Maybe I’m still a little bitter that MO didn’t play “Where Have You Been” at their last concert, but I was a little disappointed that they didn’t play any MO songs like the last tour. I guess Bad Books had plenty of songs to choose from this time. They did a good job of playing songs from both albums, because we all hate when a band tours after an album and only plays songs from their new release. Well done, Bad Books.

My favorite part about seeing this band live is the stupid yet hilarious banter between band members. Andy Hull and Kevin Devine were tossing the jokes back and forth throughout the set, with Chris Freeman simply smiling and shaking his head in an I-can’t-believe-I-have-to-put-up-with-these-guys kind of way.

A highlight from the set was when Hull and Devine announced a new song, being the first real collaborative effort for the pair, then proceeded to play a partial cover of “Let Her Cry” by Hootie and the Blowfish. Hilarious.

I’m not a huge fan of encores, as I’d rather the band just end the set on a high note. Where’s the fun in them if they’re always expected? This wasn’t an issue for Bad Books, as they have their own take on encores.

“They only reason we take a break is because we all had to go to the bathroom, but now we’re back,” Hull explained.
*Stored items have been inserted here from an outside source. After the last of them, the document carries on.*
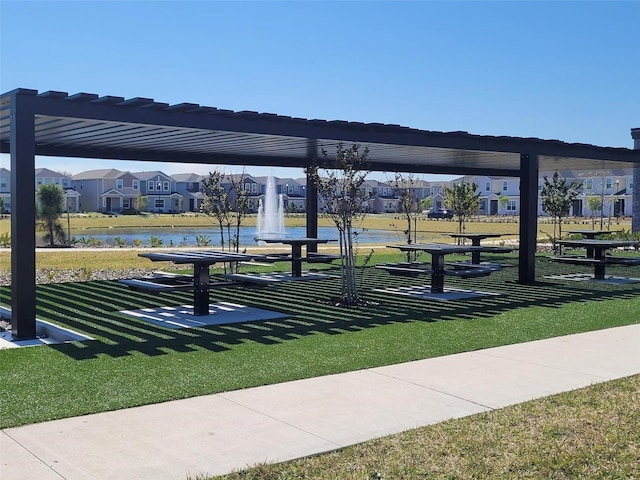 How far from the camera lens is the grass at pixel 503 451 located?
4.66 meters

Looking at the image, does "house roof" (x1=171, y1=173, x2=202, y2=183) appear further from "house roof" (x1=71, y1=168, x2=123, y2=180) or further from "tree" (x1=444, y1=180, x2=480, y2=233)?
"tree" (x1=444, y1=180, x2=480, y2=233)

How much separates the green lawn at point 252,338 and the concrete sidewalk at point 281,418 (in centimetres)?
38

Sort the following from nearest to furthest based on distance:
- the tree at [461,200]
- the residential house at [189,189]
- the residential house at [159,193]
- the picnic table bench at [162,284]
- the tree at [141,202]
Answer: the picnic table bench at [162,284] → the tree at [461,200] → the tree at [141,202] → the residential house at [159,193] → the residential house at [189,189]

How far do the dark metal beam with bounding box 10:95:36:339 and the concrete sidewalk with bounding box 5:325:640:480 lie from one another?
3.72 metres

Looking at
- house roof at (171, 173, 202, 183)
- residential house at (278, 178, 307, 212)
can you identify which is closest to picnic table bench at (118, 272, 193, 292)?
house roof at (171, 173, 202, 183)

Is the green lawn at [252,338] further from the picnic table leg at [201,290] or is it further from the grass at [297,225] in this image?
the grass at [297,225]

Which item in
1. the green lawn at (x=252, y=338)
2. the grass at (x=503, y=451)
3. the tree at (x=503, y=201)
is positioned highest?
the tree at (x=503, y=201)

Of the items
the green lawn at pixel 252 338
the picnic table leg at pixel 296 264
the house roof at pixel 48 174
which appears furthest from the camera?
the house roof at pixel 48 174

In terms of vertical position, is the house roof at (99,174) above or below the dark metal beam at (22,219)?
above

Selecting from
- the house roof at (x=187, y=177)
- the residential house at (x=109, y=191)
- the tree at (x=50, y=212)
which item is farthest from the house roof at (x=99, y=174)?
the tree at (x=50, y=212)

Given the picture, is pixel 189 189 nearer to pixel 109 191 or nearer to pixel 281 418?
pixel 109 191

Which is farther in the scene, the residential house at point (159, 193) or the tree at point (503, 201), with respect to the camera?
the residential house at point (159, 193)

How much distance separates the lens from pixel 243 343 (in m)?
8.85

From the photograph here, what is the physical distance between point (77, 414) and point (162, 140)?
8.61 metres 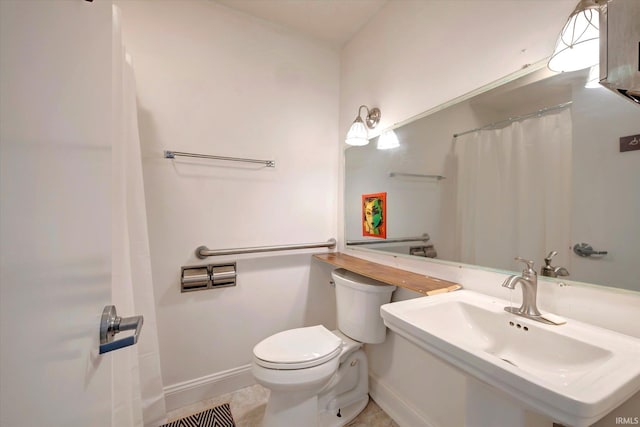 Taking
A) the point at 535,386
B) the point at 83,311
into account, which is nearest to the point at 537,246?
the point at 535,386

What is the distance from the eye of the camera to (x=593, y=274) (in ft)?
2.33

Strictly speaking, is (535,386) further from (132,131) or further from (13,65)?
(132,131)

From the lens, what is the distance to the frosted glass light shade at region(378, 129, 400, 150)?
1.45m

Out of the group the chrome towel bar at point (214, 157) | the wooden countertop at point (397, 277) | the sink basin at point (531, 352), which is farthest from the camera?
the chrome towel bar at point (214, 157)

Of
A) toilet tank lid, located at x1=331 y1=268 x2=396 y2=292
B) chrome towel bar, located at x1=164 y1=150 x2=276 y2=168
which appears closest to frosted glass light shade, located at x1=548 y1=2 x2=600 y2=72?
toilet tank lid, located at x1=331 y1=268 x2=396 y2=292

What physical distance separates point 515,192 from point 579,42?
46cm

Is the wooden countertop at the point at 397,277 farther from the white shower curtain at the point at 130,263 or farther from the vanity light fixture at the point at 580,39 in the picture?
the white shower curtain at the point at 130,263

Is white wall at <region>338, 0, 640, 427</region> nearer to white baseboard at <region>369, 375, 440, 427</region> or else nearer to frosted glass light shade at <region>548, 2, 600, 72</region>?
white baseboard at <region>369, 375, 440, 427</region>

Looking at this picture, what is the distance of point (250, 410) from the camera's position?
1438 millimetres

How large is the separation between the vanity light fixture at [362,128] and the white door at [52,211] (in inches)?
49.9

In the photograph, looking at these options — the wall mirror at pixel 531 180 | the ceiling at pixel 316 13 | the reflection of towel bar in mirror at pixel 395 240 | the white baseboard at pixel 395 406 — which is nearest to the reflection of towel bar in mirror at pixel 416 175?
the wall mirror at pixel 531 180

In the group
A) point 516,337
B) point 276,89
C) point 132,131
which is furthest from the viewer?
point 276,89

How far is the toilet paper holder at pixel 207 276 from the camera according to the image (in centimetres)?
146

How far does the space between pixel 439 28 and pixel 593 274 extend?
1218 mm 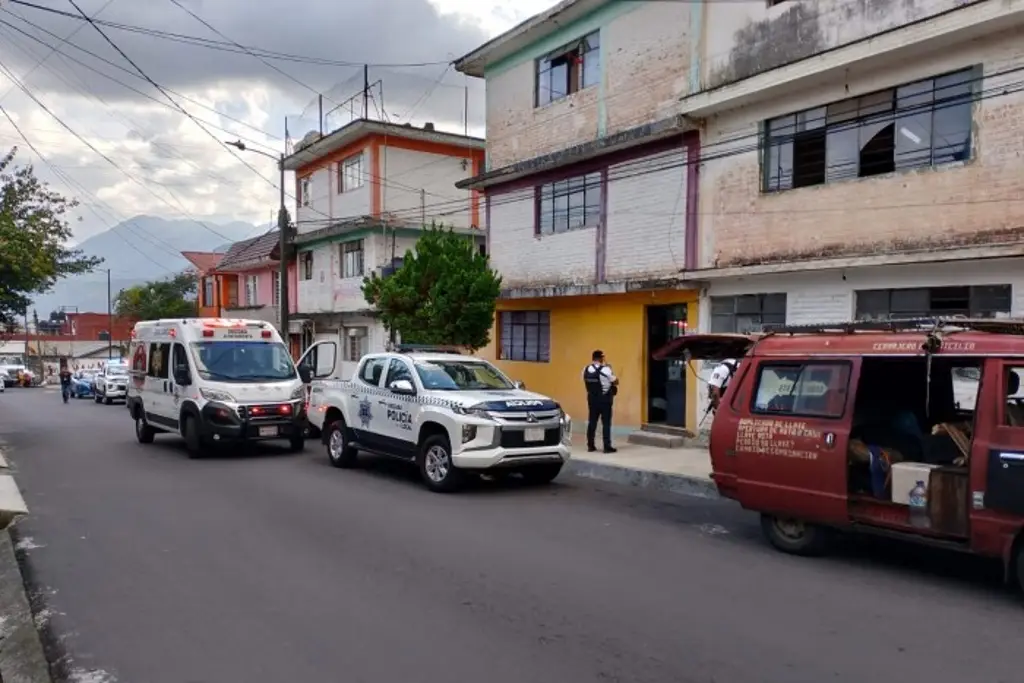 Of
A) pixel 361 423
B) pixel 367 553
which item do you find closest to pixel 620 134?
pixel 361 423

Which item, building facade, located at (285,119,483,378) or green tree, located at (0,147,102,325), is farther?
building facade, located at (285,119,483,378)

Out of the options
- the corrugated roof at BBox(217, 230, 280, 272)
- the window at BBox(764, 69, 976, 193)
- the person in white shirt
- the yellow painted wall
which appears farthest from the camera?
the corrugated roof at BBox(217, 230, 280, 272)

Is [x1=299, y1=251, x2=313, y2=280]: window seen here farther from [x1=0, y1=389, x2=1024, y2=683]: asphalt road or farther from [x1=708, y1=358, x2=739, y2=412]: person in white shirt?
[x1=0, y1=389, x2=1024, y2=683]: asphalt road

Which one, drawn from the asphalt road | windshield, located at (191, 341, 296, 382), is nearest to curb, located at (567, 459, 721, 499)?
the asphalt road

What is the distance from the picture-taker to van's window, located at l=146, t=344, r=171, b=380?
15109mm

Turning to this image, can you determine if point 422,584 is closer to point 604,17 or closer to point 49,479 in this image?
point 49,479

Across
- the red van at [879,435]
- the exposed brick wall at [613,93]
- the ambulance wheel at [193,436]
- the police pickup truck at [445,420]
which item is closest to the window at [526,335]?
the exposed brick wall at [613,93]

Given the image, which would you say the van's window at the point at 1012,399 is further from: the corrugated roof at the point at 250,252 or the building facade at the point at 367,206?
the corrugated roof at the point at 250,252

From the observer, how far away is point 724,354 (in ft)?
28.5

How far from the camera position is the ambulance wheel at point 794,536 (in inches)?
283

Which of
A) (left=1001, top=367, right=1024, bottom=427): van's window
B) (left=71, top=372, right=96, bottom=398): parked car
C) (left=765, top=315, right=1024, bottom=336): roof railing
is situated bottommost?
(left=71, top=372, right=96, bottom=398): parked car

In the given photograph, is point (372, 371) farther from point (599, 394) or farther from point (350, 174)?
point (350, 174)

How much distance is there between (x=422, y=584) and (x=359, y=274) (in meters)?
20.7

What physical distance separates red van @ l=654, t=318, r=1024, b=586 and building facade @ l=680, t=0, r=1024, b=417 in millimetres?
3729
Not only did their set consist of a good mix of old and new, but they also did an excellent job of mixing in the slower songs, often with just Hull and Devine singing on stage by themselves. The closing song, “Pytor,” actually left me with chills.

Bad Books’ Setlist:

  1. After Party
  2. No Reward
  3. Please Move
  4. Holding Down the Laughter
  5. How This All Ends
  6. You Wouldn’t Have to Ask
  7. Forest Whitaker
  8. “New Song”
  9. No Sides
  10. Friendly Advice
  11. Mesa, AZ
  12. 42
  13. Ambivalent Peaks
  14. It Never Stops
  15. Baby Shoes
  16. You’re a Mirror I Cannot Avoid
  17. Pytor

Bad Books

I was surprised by how many people seemed to be there to just see The Front Bottoms, as I had never heard of them. I think that these guys had something to do with the younger than expected crowd. I felt incredibly left out as everyone around me was singing along to the lyrics of songs about steroids, swimming pools, and a twin-sized mattress.

The Front Bottoms

Weatherbox opened the whole show, and seemed like a better match musically than The Front Bottoms. While they weren’t bad, the only thing I remember about them was how long it took the lead singer to take off his winter jacket.